What you are asked to do:
Return each line of the listing exactly, though without its images.
---------- Data ----------
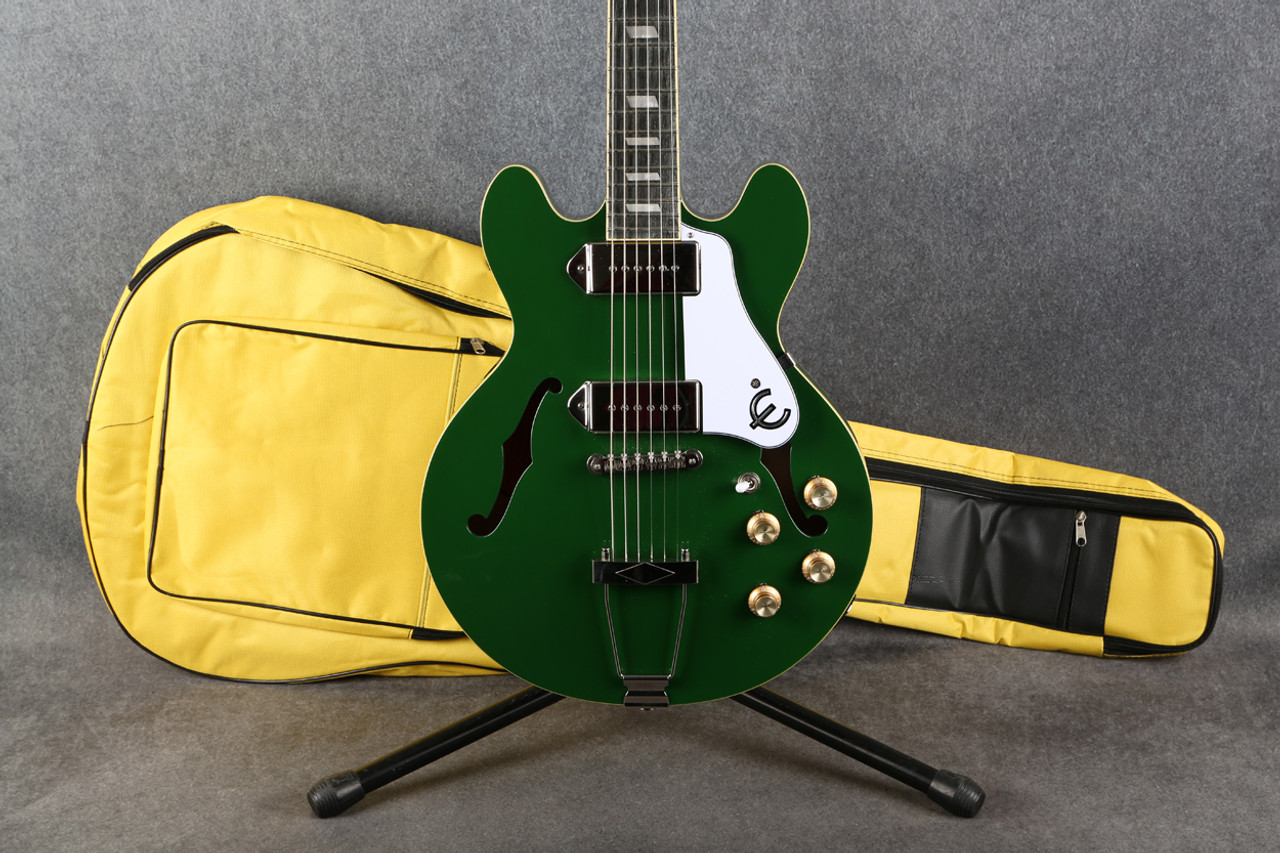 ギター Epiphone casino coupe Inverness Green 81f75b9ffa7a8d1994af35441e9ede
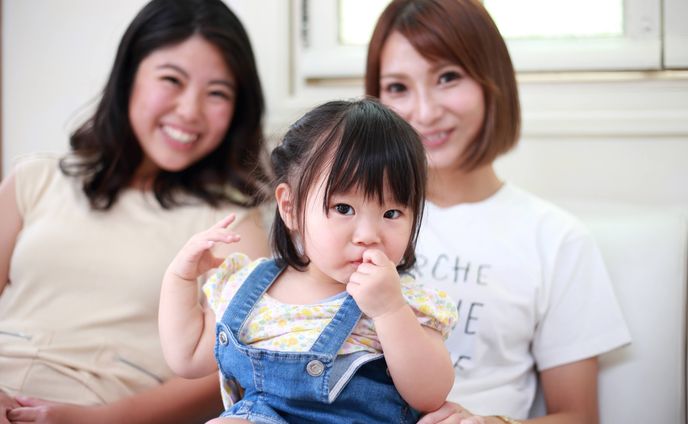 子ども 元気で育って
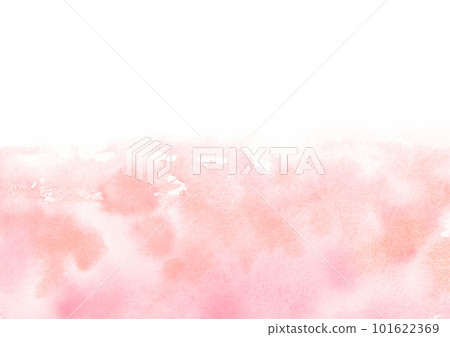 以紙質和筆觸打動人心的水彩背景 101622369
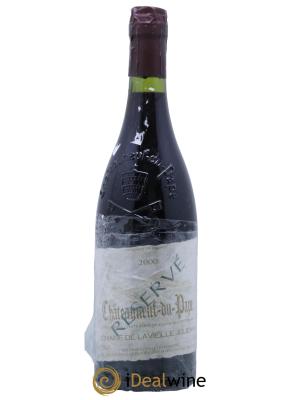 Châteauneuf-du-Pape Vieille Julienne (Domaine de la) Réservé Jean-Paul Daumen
----------
Output below:
 ギター Epiphone casino coupe Inverness Green 81f75b9ffa7a8d1994af35441e9ede
 子ども 元気で育って
 以紙質和筆觸打動人心的水彩背景 101622369
 Châteauneuf-du-Pape Vieille Julienne (Domaine de la) Réservé Jean-Paul Daumen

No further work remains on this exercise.